Twenty players have now defected from the PGA Tour, with Patrick Reed the latest former Masters champion confirmed on Saturday as signing up to LIV Golf as the final round was being completed. However, the lucrative rewards for joining the series have not been enough to entice any players ranked in the top 10 of the Official World Golf Ranking.

Reed, who has won almost $37 million in a decade on the PGA Tour, is ranked 36th. The 31-year-old American's only major win was the 2018 Masters.

Having appeared at three Ryder Cups, where he has been one of the brashest characters on the U.S. team, Reed's decision could make him ineligible for selection in the future. He said he would make his debut on the second stop of the LIV Golf series in Portland, Oregon, on June 30-July 2.

Pat Perez, a 46-year-old American who is ranked 168th in the world, also joined Saturday, saying he wants to travel less after 21 years on the PGA Tour.

Saudi Arabia's track record of human rights violations has sparked criticism from groups, including Amnesty International, that the country is "sportswashing" its image by investing in signing up sports stars. LIV Golf CEO Greg Norman, who would not speak to the media at the event, called the series a "force for good" in a speech at the victory ceremony, without addressing criticism of the Saudi project.

LIV Golf plays up the financial largesse. Yasir Al-Rumayyan, governor of the Saudi fund, said on stage that there would be a prize of $54 million for any player who has an implausible round of 54 at an LIV event. The series' name acknowledges its 54-hole events - as opposed to the 72-hole tournaments on the PGA Tour - via the Roman numeral for 54.

For many in the United States, Saudi Arabia will forever be associated with the collapse of the twin towers at the World Trade Center in New York City, a parallel jetliner attack on the Pentagon in Washington and the deaths of nearly 3,000 people on Sept. 11, 2001. All but four of the 19 hijackers on 9/11 were Saudi citizens, and the Saudi kingdom was the birthplace of Osama bin Laden, the head of al-Qaida and mastermind of the attack.

Terry Strada, the national chairperson of 9/11 Families United, has sent a letter to representatives of LIV Golf stars calling on them to reconsider their participation in the series.
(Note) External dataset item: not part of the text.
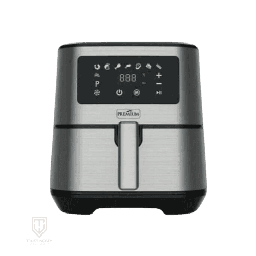 [8000001] مقلى هوائي بريميوم 5 لتر ديجتال PRM-F6060P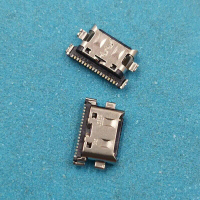 Ổ Cắm Giắc Cắm Cổng USB, 10-100 Cái, 18 Chân, Cho Samsung A31 A315f A12 A125 A125f A41 A415f M30s M3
Her husband, Tom, died when a hijacked plane flew into the World Trade Center.

"Given Saudi Arabia's role in the death of our loved ones and those injured on 9/11 - your fellow Americans - we are angered that you are so willing to help the Saudis cover up this history in their request for 'respectability,'" Strada wrote, accusing the players of betraying U.S. interests.

Strada's letter was sent to agents for Reed as well as Bryson DeChambeau, Dustin Johnson, Phil Mickelson and Kevin Na.

"When you partner with the Saudis, you become complicit with their whitewash, and help give them the reputational cover they so desperately crave - and are willing to pay handsomely to manufacture," Strada wrote.

"The Saudis do not care about the deep-rooted sportsmanship of golf or its origins as a gentleman's game built upon core values of mutual respect and personal integrity. They care about using professional golf to whitewash their reputation, and they are paying you to help them do it."

Victims' families are trying to hold Saudi Arabia accountable in New York, despite its government's insistence that any allegation of complicity in the terrorist attacks is "categorically false."